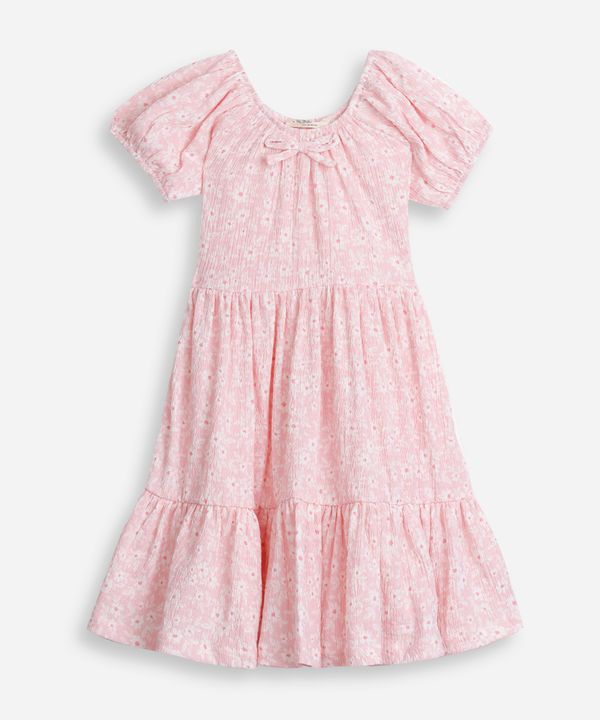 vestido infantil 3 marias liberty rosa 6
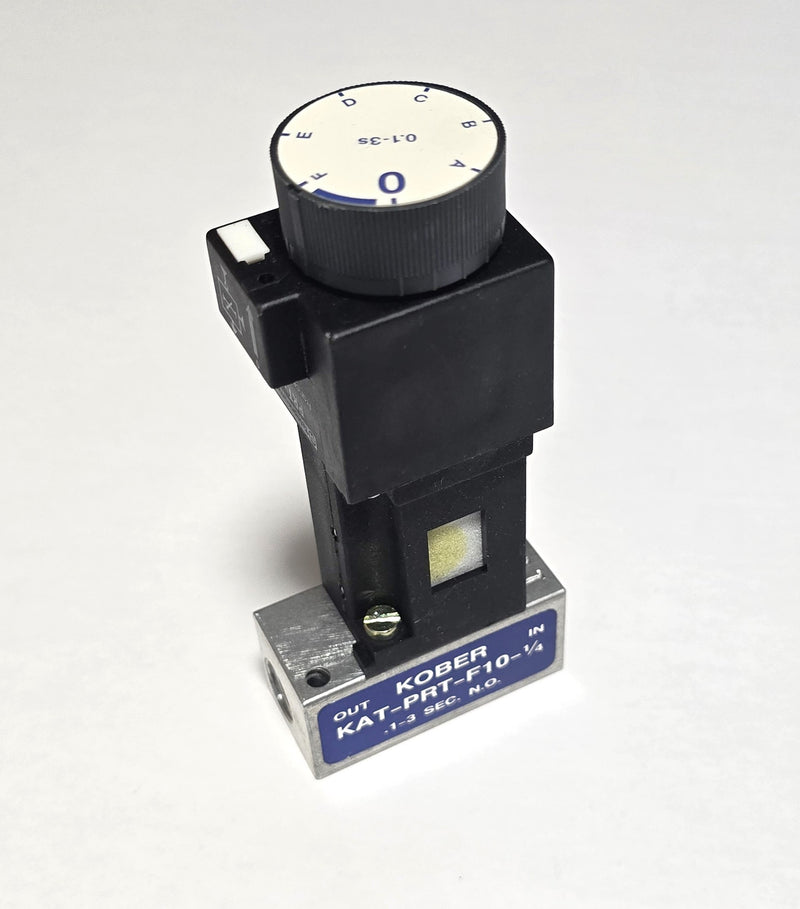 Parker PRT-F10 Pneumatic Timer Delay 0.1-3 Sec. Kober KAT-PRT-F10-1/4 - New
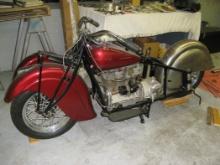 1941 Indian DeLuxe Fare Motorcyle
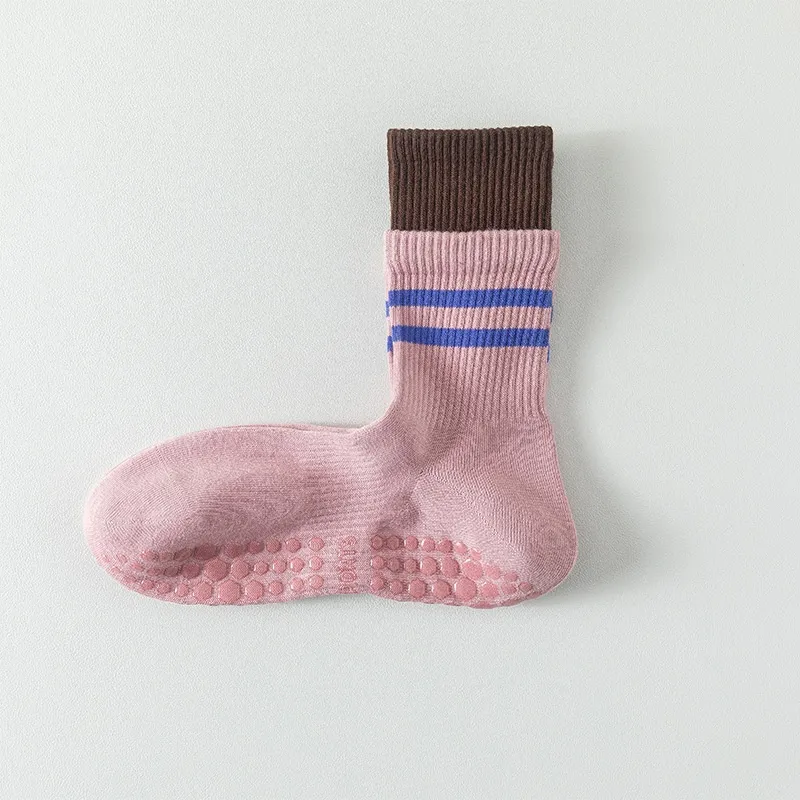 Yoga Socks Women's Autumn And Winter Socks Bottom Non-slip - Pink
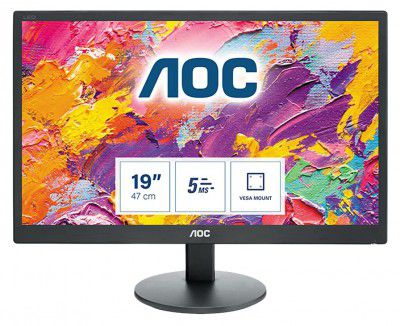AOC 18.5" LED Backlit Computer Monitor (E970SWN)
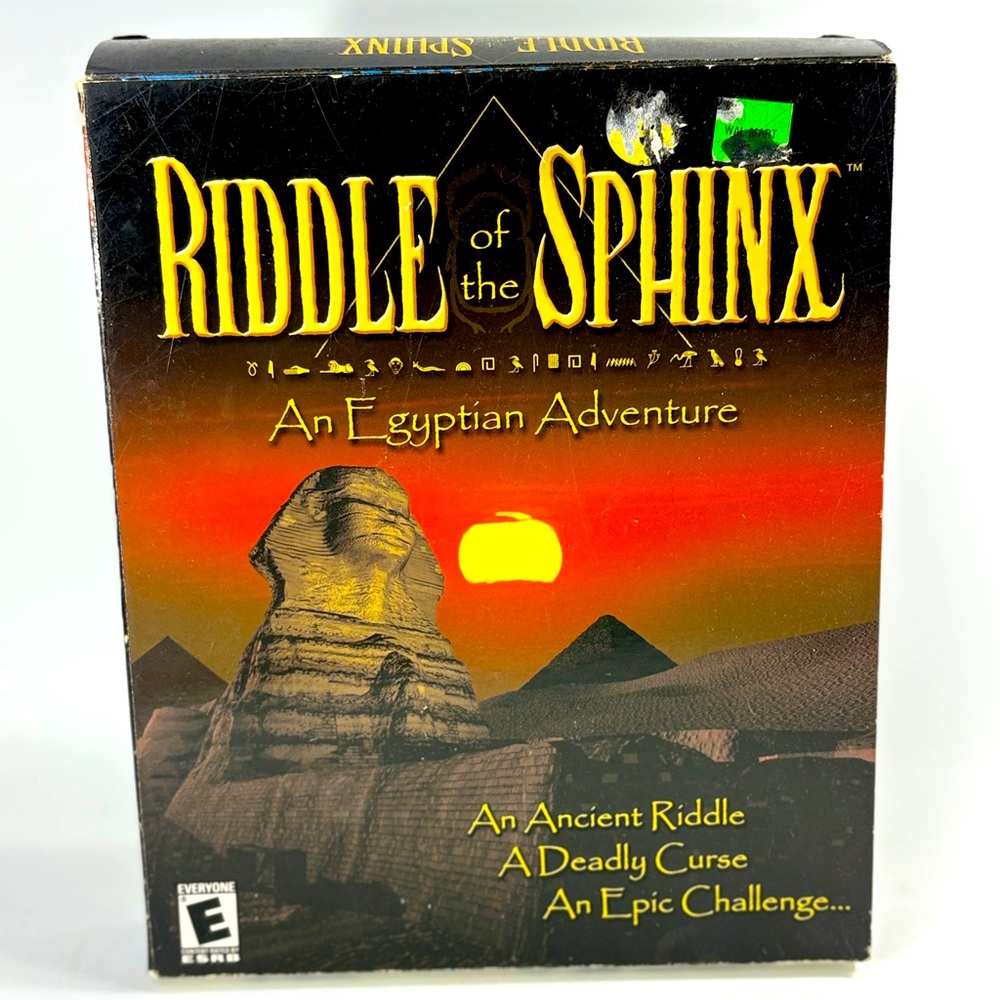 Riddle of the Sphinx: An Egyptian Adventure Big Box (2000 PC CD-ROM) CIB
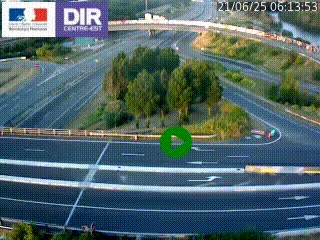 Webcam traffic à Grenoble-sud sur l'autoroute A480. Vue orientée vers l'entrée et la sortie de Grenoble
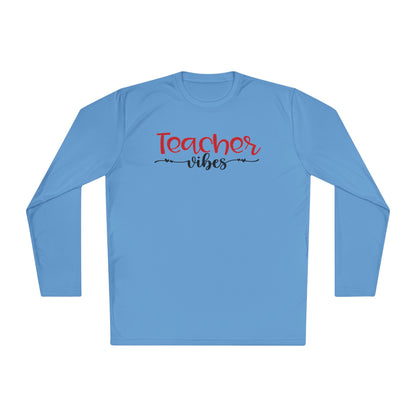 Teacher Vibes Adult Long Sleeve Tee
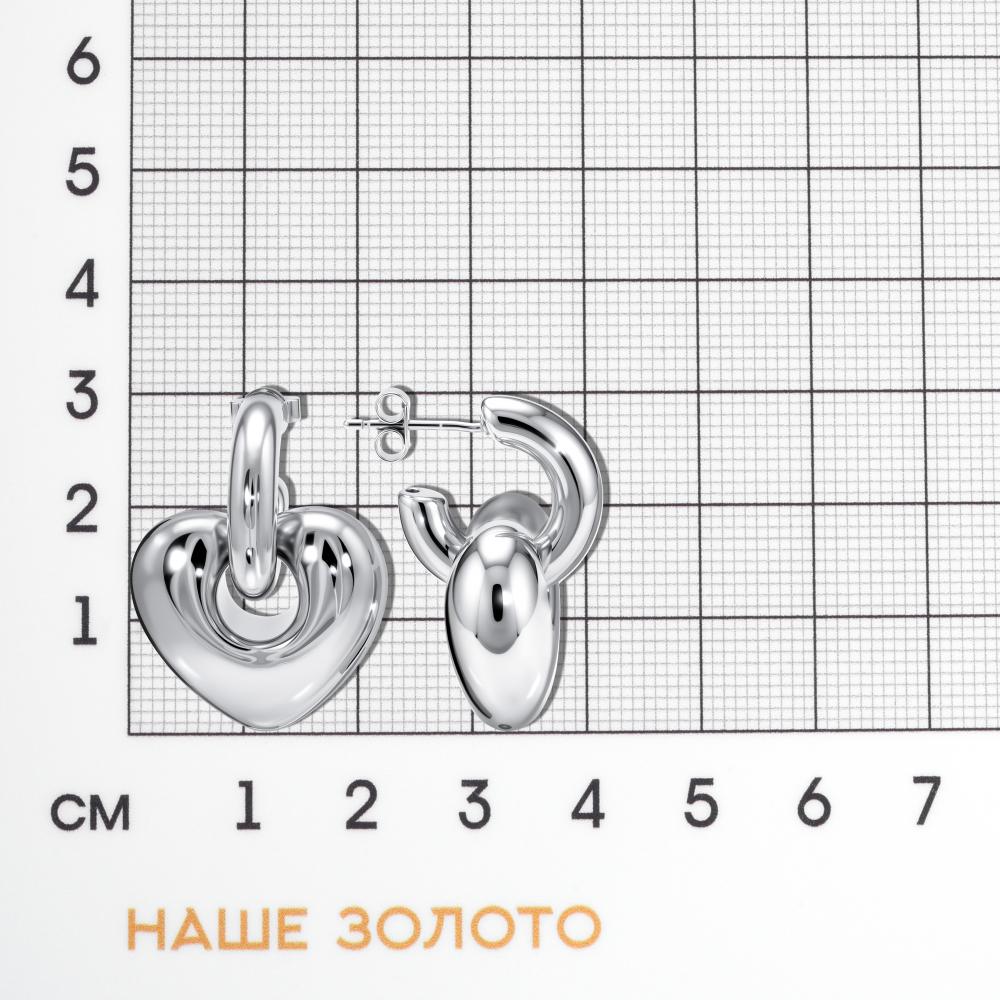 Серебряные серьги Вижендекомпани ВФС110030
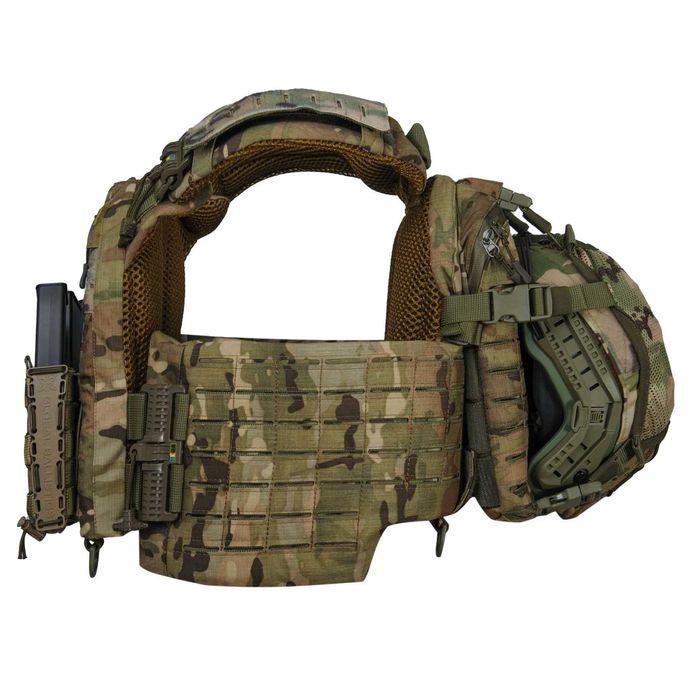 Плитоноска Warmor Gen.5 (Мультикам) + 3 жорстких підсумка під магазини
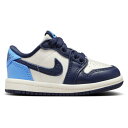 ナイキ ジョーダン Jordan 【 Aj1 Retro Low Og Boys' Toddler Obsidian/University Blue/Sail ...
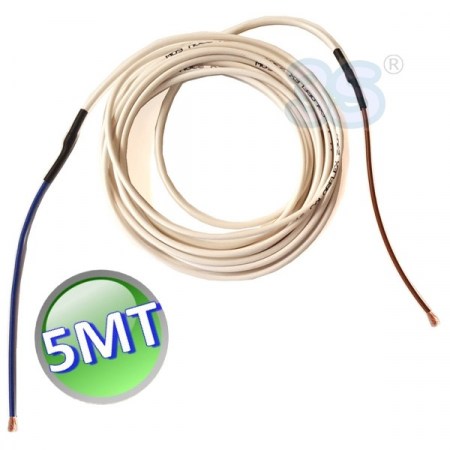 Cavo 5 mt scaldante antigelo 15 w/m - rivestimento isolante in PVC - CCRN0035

──────────

Return all of the records above exactly as written. Omit each picture.

 vestido infantil 3 marias liberty rosa 6
 Parker PRT-F10 Pneumatic Timer Delay 0.1-3 Sec. Kober KAT-PRT-F10-1/4 - New
 1941 Indian DeLuxe Fare Motorcyle
 Yoga Socks Women's Autumn And Winter Socks Bottom Non-slip - Pink
AOC 18.5" LED Backlit Computer Monitor (E970SWN)
 Riddle of the Sphinx: An Egyptian Adventure Big Box (2000 PC CD-ROM) CIB
 Webcam traffic à Grenoble-sud sur l'autoroute A480. Vue orientée vers l'entrée et la sortie de Grenoble
 Teacher Vibes Adult Long Sleeve Tee
 Серебряные серьги Вижендекомпани ВФС110030
 Плитоноска Warmor Gen.5 (Мультикам) + 3 жорстких підсумка під магазини
 ナイキ ジョーダン Jordan 【 Aj1 Retro Low Og Boys' Toddler Obsidian/University Blue/Sail ...
 Cavo 5 mt scaldante antigelo 15 w/m - rivestimento isolante in PVC - CCRN0035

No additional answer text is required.